The newspaper business, nationally and locally, was already struggling because of a dramatic loss of classified advertising to the Internet. In today’s economic climate, the problem has become much worse. Your friendly new and used car dealerships – who once accounted for a major chunk of a local newspaper’s advertising revenue – now have little or no money to spend on such ads – as the entire automobile industry faces the worst losses in its history.

Likewise, many other national and local advertisers can no longer afford to spend at former levels.

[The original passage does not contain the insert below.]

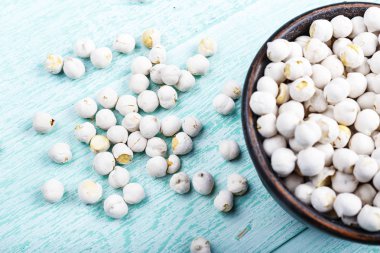 mavi bir eski püskü masaya bir tabak içinde ham baklagiller nohut. tex için alan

To face these new challenges, the Burlington Free Press has made staff cuts, as have other Vermont local and regional publications. As a freelance columnist for the Rutland Herald and Montpelier/Barre Times Argus, I and other contributors were asked to take fairly substantial cuts in fees. Much more significantly, some top editors and reporters at the Herald and Times Argus have been laid off. I am not privy to these newspapers’ balance sheets, but I do know that, in Vermont and around the nation, local newspapers are struggling mightily to stay in business.

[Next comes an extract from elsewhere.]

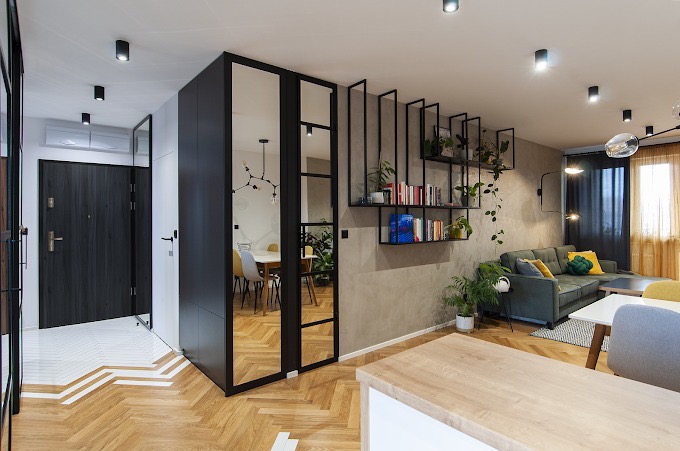 Nowoczesne wnętrze mieszkania z parkietem w jodełkę, czarnymi elementami zabudowy, regałem z książkami i roślinami oraz zieloną sofą z kolorowymi poduszkami.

There is one school of thought that newspapers are dinosaurs and after several hundred years, a new business model for packaging and selling the news is long over-due. I happen not to subscribe to this gloomy view.  I believe that newspapers – the great national ones and the dedicated local versions – are essential to democracy and remain the backbones of our communities. The top papers employ some of the best minds in the country to report and analyze the major events of the world and the nation. Local newspapers help to keep our state houses, city halls and zoning boards honest. They cover our local sports teams and review local dramas and musicals. This nurtures local talent and gives communities a sense of civic pride and cohesion – something I cannot see the Internet being able to accomplish.

There are those who champion the rise of the citizen blogger as evidence that the Internet has created the first truly democratic form of journalism. But, while there certainly is no shortage of opinion on the Internet, I have found much of that opinion to be based on neither knowledge nor actual facts.

In order to survive, newspapers will need more revenue. Perhaps they’ll finally find an efficient way to charge small sums for their on-line versions. Or maybe they will have to become non-profits dependent upon rich benefactors. A new business model for news may be needed – but we haven’t found it yet. Meantime, this geezer believes losing our newspapers would be a devastating blow – to America’s political system and to its very way of life.